Are purely functional data structures always lock-free?

Question

I've seen this claimed in several places, including on SO: https://stackoverflow.com/a/20467457/243238, https://stackoverflow.com/a/4400389/243238. I get the point that locks are not needed to modify the data but you end up with multiple versions of it after concurrent modifications. That doesn't seem very useful in practice. I've tried to describe this with a simple scenario below:

Let's say we have 2 threads A and B. They are both modifying a purely functional dictionary D. They don't need locks at this point because the data is immutable so they output new dictionaries DA and DB. Now my question is how do you reconcile DA and DB so that later operations can see a single view of the data?

EDIT: The answers are suggesting to use a merge function over DA and DB. I don't see how that solves the problem since there could be another thread C which runs concurrently with the merge operation. The claim is that purely functional data structures are lock-free but using a merge function sounds more like eventual consistency which is a different thing.

Answer 1

Good observation. But this just means that parallelism in the presence of a "global state" is difficult or impossible, regardless of the programming language.

In impure languages, this is just less obvious. You may think that you can get away with locking, synchronization and all the highly complex code around it.

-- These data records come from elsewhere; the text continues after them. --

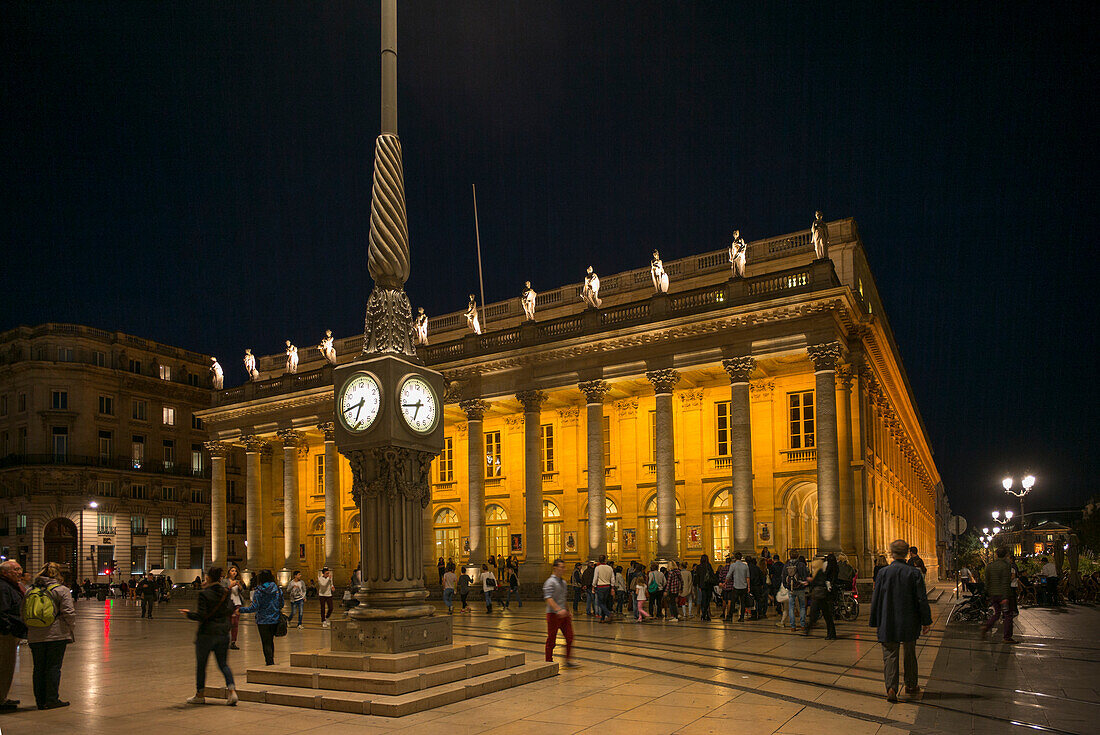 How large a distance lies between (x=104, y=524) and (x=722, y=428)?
4380 cm

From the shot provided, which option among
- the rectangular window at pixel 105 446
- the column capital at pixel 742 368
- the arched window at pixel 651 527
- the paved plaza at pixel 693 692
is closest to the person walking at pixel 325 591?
the paved plaza at pixel 693 692

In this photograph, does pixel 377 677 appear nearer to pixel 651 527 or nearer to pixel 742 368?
pixel 742 368

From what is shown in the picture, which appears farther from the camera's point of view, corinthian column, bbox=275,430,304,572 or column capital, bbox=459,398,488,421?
corinthian column, bbox=275,430,304,572

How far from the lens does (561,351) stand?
36844 mm

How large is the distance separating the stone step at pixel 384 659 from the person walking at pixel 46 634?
2974mm

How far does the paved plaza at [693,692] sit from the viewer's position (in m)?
9.35

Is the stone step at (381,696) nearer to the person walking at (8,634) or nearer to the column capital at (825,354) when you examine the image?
the person walking at (8,634)

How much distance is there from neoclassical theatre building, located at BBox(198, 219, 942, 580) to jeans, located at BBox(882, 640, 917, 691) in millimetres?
19017

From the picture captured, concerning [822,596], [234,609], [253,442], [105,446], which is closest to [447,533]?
[253,442]

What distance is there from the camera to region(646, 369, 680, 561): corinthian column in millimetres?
32281

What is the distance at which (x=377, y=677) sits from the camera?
10.5 metres

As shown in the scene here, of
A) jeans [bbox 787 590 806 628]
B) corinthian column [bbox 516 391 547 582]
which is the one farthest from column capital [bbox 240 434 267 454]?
jeans [bbox 787 590 806 628]

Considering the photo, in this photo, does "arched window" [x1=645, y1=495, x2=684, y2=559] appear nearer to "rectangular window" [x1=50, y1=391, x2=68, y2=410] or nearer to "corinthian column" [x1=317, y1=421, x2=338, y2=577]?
"corinthian column" [x1=317, y1=421, x2=338, y2=577]

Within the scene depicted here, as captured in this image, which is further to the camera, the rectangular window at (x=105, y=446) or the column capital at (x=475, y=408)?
the rectangular window at (x=105, y=446) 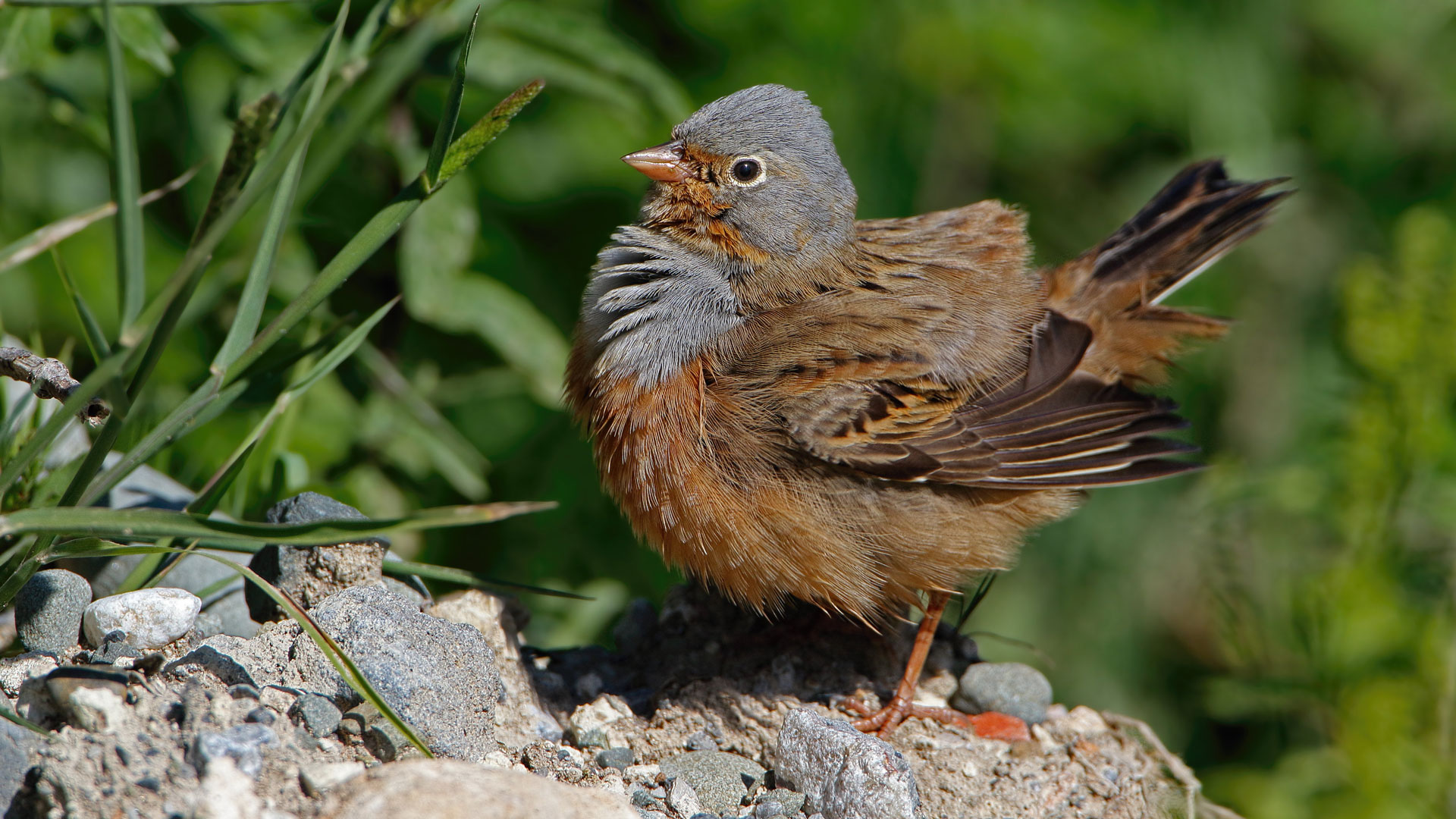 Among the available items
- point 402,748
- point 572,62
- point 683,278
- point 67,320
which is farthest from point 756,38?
point 402,748

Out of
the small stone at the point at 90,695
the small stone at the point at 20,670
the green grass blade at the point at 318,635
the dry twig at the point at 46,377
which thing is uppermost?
the dry twig at the point at 46,377

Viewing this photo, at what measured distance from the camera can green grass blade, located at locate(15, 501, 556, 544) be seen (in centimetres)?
232

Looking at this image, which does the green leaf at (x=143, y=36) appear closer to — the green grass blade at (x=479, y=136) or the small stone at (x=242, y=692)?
the green grass blade at (x=479, y=136)

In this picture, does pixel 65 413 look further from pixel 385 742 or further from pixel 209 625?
pixel 209 625

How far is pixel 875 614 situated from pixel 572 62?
2348mm

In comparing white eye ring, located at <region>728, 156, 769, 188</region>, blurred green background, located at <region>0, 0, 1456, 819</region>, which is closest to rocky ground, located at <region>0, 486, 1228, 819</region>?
blurred green background, located at <region>0, 0, 1456, 819</region>

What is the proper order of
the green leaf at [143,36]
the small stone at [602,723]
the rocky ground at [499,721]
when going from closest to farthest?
the rocky ground at [499,721], the small stone at [602,723], the green leaf at [143,36]

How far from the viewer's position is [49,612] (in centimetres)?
300

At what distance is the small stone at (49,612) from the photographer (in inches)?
117

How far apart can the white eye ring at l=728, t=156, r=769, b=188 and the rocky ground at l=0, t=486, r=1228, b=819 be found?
4.93 ft

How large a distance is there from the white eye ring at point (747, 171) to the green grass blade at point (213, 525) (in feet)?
7.30

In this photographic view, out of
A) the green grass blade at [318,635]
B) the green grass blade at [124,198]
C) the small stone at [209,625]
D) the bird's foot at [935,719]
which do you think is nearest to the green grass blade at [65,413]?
the green grass blade at [124,198]

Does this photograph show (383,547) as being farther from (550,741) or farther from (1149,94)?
(1149,94)

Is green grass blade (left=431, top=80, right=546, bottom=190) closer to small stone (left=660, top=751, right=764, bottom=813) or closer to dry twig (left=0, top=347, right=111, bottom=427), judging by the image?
dry twig (left=0, top=347, right=111, bottom=427) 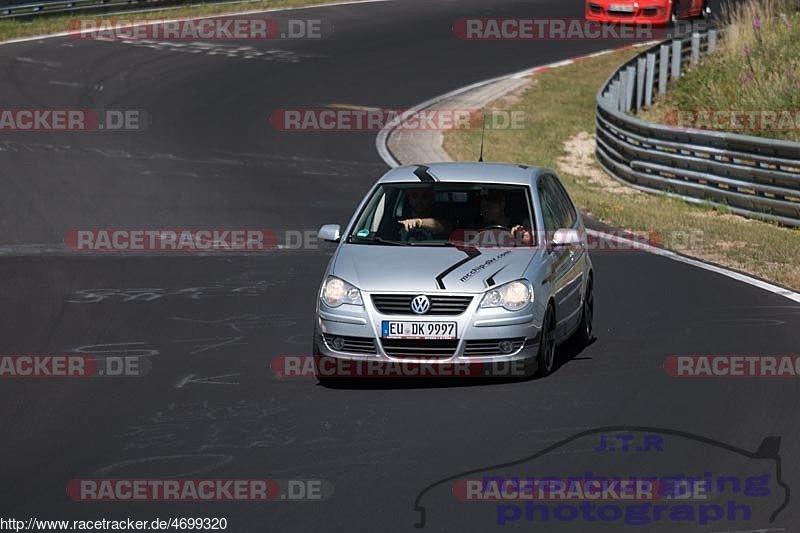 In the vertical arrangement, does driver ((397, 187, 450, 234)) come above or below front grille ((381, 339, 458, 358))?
above

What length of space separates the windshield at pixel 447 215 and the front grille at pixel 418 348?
3.92 feet

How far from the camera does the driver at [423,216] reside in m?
11.5

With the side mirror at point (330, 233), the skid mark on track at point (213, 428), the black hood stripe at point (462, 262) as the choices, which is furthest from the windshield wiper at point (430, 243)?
the skid mark on track at point (213, 428)

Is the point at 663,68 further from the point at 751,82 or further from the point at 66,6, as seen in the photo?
the point at 66,6

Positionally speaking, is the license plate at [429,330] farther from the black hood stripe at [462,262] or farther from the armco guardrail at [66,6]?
the armco guardrail at [66,6]

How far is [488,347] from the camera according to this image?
10406mm

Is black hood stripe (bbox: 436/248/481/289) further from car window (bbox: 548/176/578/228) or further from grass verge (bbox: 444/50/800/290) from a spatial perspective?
grass verge (bbox: 444/50/800/290)

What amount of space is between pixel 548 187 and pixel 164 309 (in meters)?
3.95

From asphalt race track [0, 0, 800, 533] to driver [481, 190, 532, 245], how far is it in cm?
114

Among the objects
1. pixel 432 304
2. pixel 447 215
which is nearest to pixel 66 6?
pixel 447 215

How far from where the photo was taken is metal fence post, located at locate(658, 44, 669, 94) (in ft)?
107

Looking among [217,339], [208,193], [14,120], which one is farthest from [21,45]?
[217,339]

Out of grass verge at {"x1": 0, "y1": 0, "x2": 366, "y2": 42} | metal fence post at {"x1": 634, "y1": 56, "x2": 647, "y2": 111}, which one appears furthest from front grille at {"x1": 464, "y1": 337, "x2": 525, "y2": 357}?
grass verge at {"x1": 0, "y1": 0, "x2": 366, "y2": 42}

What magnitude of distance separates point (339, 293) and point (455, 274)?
86cm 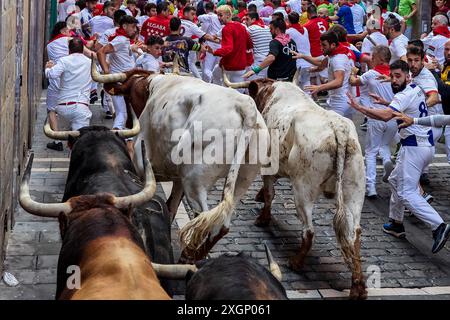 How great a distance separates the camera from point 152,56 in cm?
1413

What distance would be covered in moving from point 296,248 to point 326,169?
1445 mm

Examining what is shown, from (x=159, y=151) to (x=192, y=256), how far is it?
1.41 m

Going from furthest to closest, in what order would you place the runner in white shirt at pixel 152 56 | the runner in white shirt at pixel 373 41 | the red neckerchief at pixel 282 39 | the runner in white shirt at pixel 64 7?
the runner in white shirt at pixel 64 7, the runner in white shirt at pixel 373 41, the red neckerchief at pixel 282 39, the runner in white shirt at pixel 152 56

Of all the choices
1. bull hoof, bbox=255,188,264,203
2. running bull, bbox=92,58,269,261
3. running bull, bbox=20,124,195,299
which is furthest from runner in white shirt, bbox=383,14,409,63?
running bull, bbox=20,124,195,299

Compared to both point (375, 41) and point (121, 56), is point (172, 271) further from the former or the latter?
point (375, 41)

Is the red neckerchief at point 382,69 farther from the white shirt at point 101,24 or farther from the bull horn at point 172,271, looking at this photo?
the bull horn at point 172,271

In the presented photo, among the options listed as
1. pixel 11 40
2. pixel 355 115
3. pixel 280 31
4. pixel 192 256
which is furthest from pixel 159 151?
pixel 355 115

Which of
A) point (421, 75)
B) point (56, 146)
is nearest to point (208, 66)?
point (56, 146)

Whereas in pure languages, you have n pure state transformers and cannot but realize that if you apply them in pareallel to some initial state S0 you end up with so many states S1, S2, S3 ... Sn

Now, the purity just guarantees that the parallel transformations of S0 do not interfere with each other in any way. It doesn't solve your program design issues, such as what that state means, if it is maybe too coarse, or too fine grained and if you can compute an end result form various transformed states.